Is vanishing/exploding gradient just a RNN problem?

• It can be a problem for all neural architectures (including feed-forward and convolutional), especially very deep ones.
  Due to chain rule / choice of nonlinearity function, gradient can become vanishingly small as it backpropagates. Thus, lower layers are learned very slowly (hard to train)

• Solution: lots of new deep feedforward/convolutional architectures that add more direct connections (thus allowing the gradient to flow)

• For example:
  • Resnet, “Deep Residual Learning for Image Recognition”, He et al, 2015.
    Also known as skip-connects, the identity connection preserves information by default and makes deep networks much easier to train.
  • Densenet, “Densely Connected Convolutional Networks”, Huang et al, 2017.
    
    Dense connections that directly connect each layer to all future layers
  • HighwayNet, “Highway Networks”, Srivastava et al, 2015.
    
    Similar to residual connections, but controlled by a dynamic gate.
• Conclusion: Though vanishing/exploding gradients are a general problem, RNNs are particularly unstable due to the repeated multiplication by the same weight matrix (Bengio et al, 1994)

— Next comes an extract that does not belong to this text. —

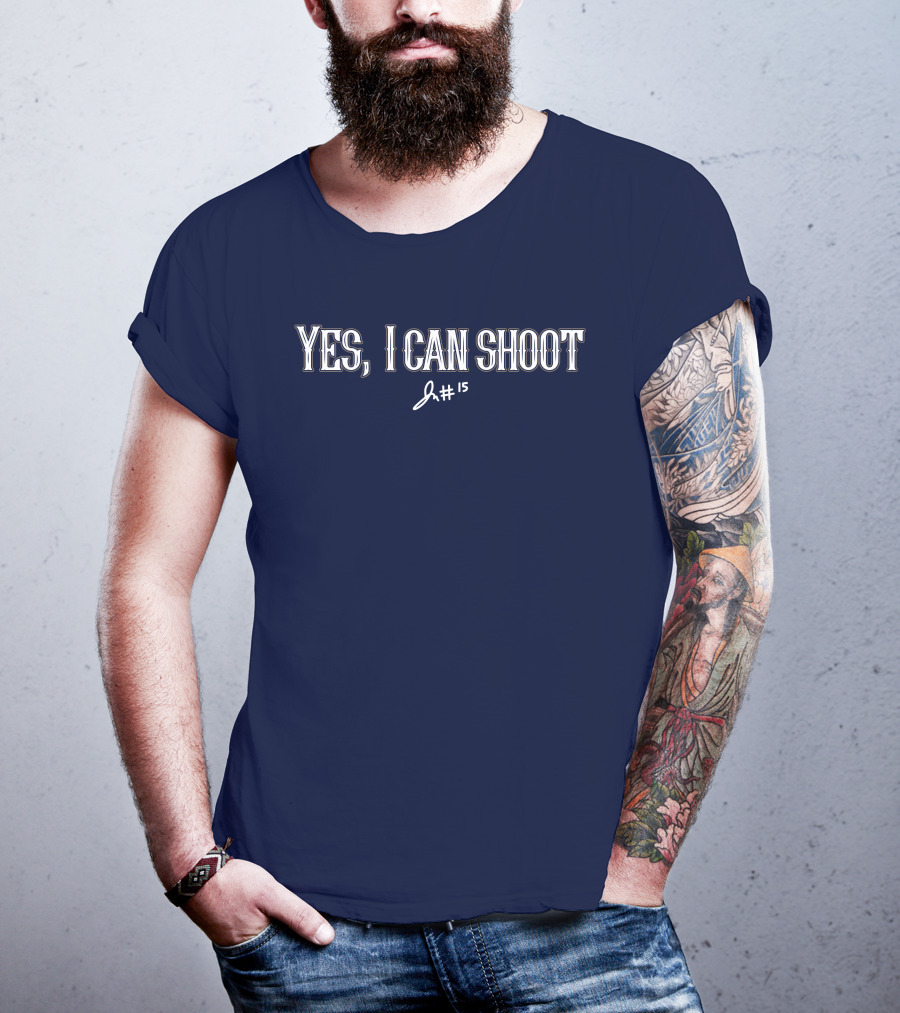 Yes I Can Shoot #15 T-Shirt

Bidirectional and Multi-layer RNNs: motivation

• Example: Sentiment Classification task

• Note: bidirectional RNNs are only applicable if you have access to the entire input sequence
  They are not applicable to Language Modeling, because in LM you only have left context available.

• If you do have entire input sequence(e.g., any kind of encoding), bidirectionality is powerful (you should use it by default).

• For example, BERT (Bidirectional Encoder Representations from Transformers) is a powerful pretrained contextual representation system built on bidirectionality.